Mon idéal n’est pas du tout de revenir au clan, au leadership des anciens, à des jeunes qui n’ont pas le droit de s’exprimer. Au contraire, mon combat personnel est celui des libertés fondamentales. Ceci dit, je pense qu’il ne faut pas donner le droit absolu aux libertés fondamentales pour mettre une croix sur les libertés communautaires et la solidarité. Je pense que l’être humain a besoin d’être « lui-même » mais aussi de s’inscrire dans un « nous » pour pouvoir exister. Et ce « nous », c’est l’exploitation agricole familiale. On y travaille ensemble, mais les ressources et les biens individuels sont reconnus. On dit le troupeau est celui de la famille mais tout le monde dans cette famille sait quels sont les animaux qui appartiennent à qui. Nous sommes attachés au communautaire qui reconnaît les individus et leurs biens.

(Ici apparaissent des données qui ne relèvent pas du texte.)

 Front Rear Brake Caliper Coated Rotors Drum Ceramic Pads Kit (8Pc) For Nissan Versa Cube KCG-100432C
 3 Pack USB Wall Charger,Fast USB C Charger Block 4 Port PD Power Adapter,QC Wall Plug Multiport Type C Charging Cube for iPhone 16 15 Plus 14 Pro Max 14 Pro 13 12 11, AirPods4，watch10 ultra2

La première partie du livre décrit « ce qui ne va pas » dans ces exploitations qui souffrent de beaucoup d’insuffisances les empêchant de produire mieux, d’avoir des revenus garantis. Il ne s’agit pas de demander à un jeune d’aimer seulement sa famille et de s’asseoir à ne rien faire parce qu’il n’y a rien à faire ! Non, ce que nous proposons d’abord, c’est qu’il ait des politiques d’investissements qui permettent à l’agriculture d’être rentable pour ceux qui la font vivre et pour la société. C’est à cette condition seulement qu’un jeune trouvera sa place. C’est pourquoi nous avons demandé des politiques agricoles, des investissements publics, la sécurisation des revenus, la garantie des emplois, etc. Ce sont des éléments non négociables et il faudrait nous battre pour réaliser ces objectifs.

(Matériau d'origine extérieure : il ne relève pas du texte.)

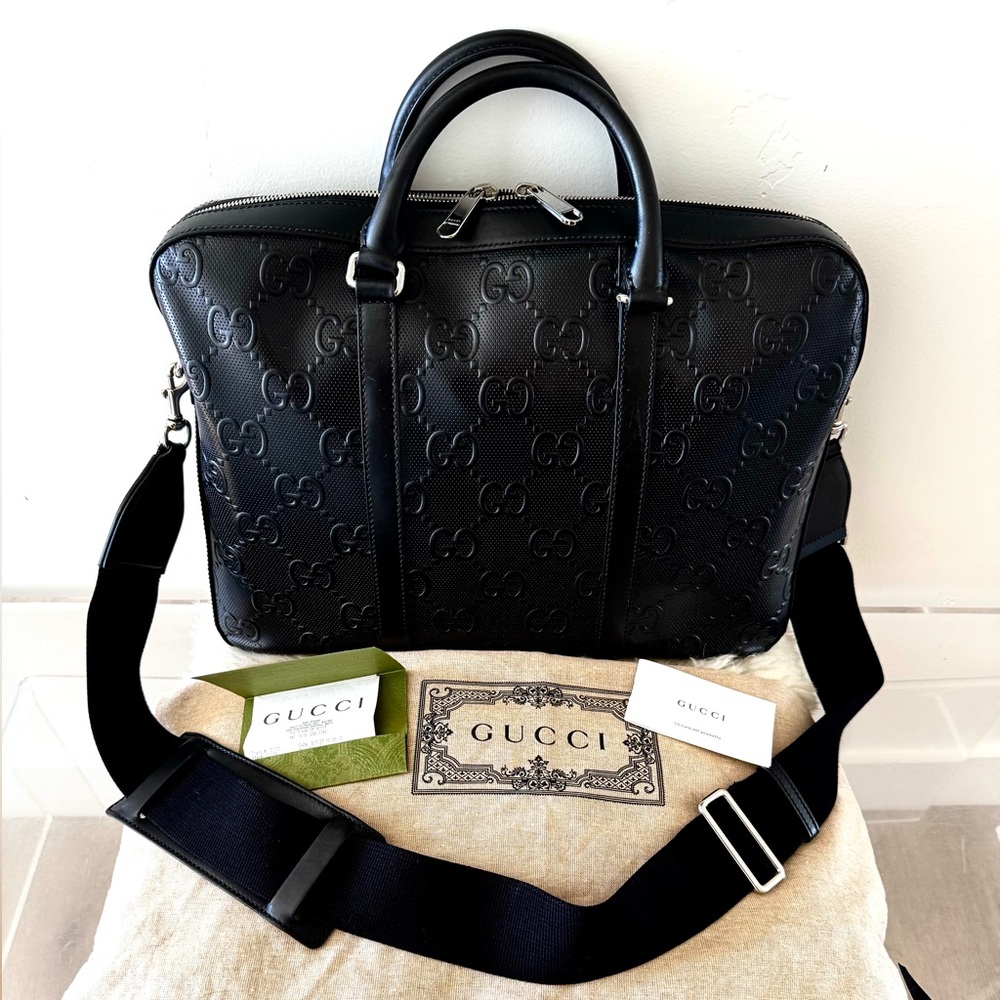 Gucci GG Embossed Leather Briefcase (Large Size)-Excellent Condition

Malheureusement, aujourd’hui, il n’y a pas de possibilités pour un jeune de se projeter dans l’agriculture : les taux de crédit sont très élevés ; il n’y a pas de crédit à long terme ; il n’y a pas de fonds d’accompagnement pour les jeunes, comme ça se passe dans beaucoup de parties du monde. Nous, en tant que parents, nous souhaitons que les jeunes soient sensibles à ces problèmes pour qu’on se batte ensemble. Vous savez, les solutions de la vie ce n’est pas seulement d’abandonner là où c’est difficile. La vie dans les villes n’est pas plus facile. En ce qui concerne les jeunes qui ne souhaitent pas vivre en campagne, il faudrait qu’ils me disent ce qu’ils trouvent en ville.
Bien entendu, nous acceptons la liberté de choix de vie. Dans mon livre, je dis tout simplement qu’il n’y a pas de conditions optimales aujourd’hui pour qu’un jeune soit attiré par un emploi en milieu rural. Notre combat au sein du ROPPA consiste à changer cela.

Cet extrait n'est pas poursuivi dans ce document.